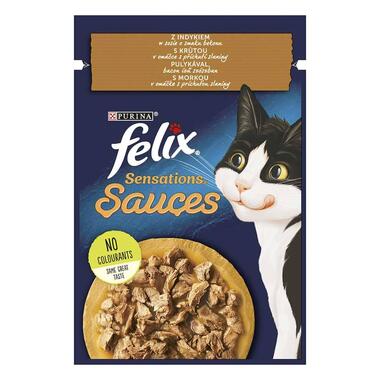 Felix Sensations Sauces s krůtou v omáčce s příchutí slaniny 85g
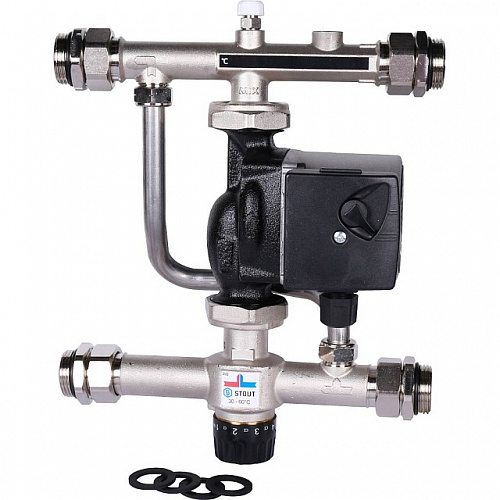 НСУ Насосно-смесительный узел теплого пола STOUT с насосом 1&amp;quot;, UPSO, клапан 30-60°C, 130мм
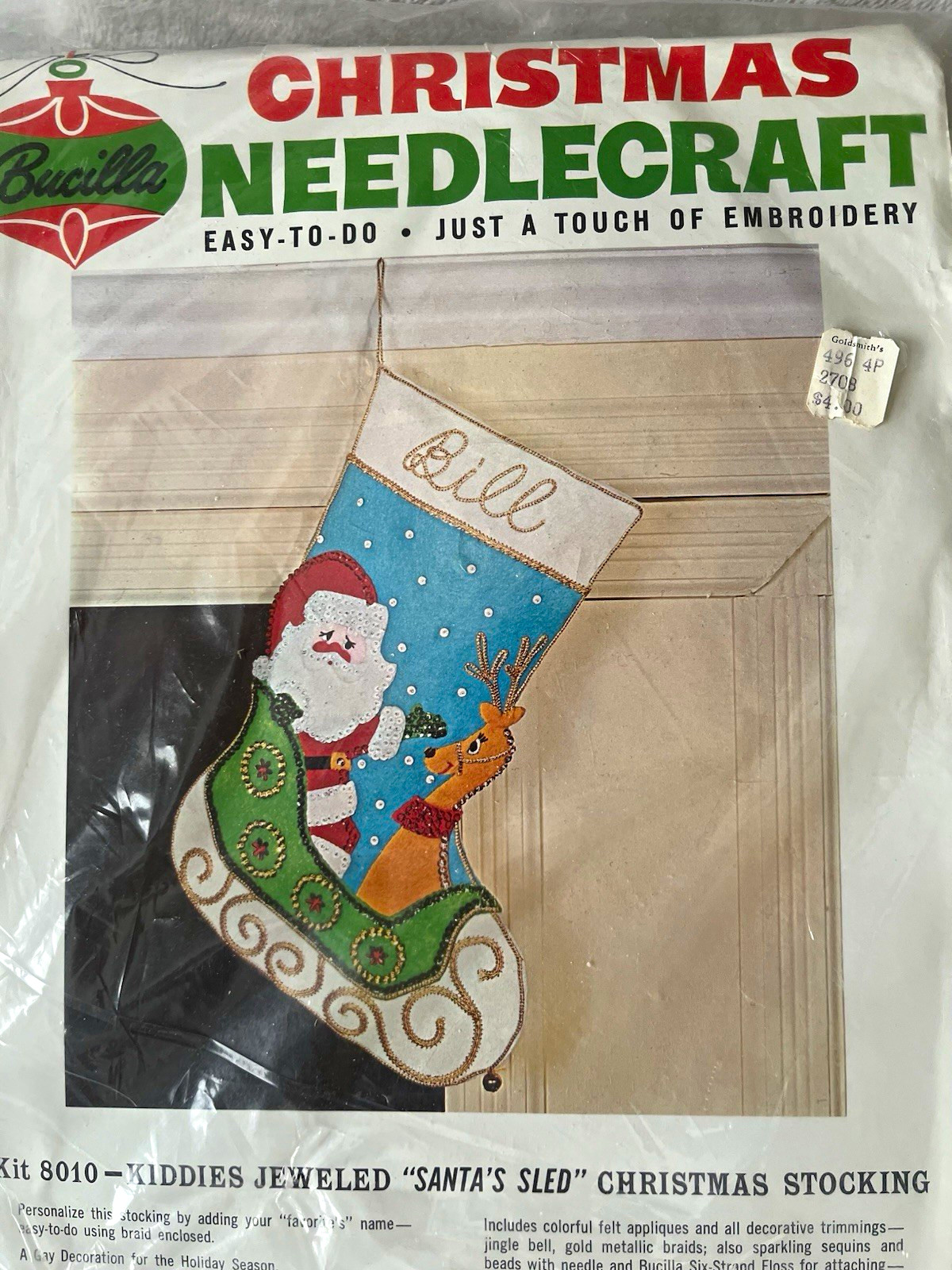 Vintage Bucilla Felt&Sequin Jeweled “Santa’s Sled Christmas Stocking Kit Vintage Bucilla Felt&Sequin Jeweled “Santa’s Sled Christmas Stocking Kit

-- Work order --
Should there be pictures in the data, leave them out and return the rest exactly.

-- Solution --
 Felix Sensations Sauces s krůtou v omáčce s příchutí slaniny 85g
 НСУ Насосно-смесительный узел теплого пола STOUT с насосом 1&amp;quot;, UPSO, клапан 30-60°C, 130мм
 Vintage Bucilla Felt&Sequin Jeweled “Santa’s Sled Christmas Stocking Kit Vintage Bucilla Felt&Sequin Jeweled “Santa’s Sled Christmas Stocking Kit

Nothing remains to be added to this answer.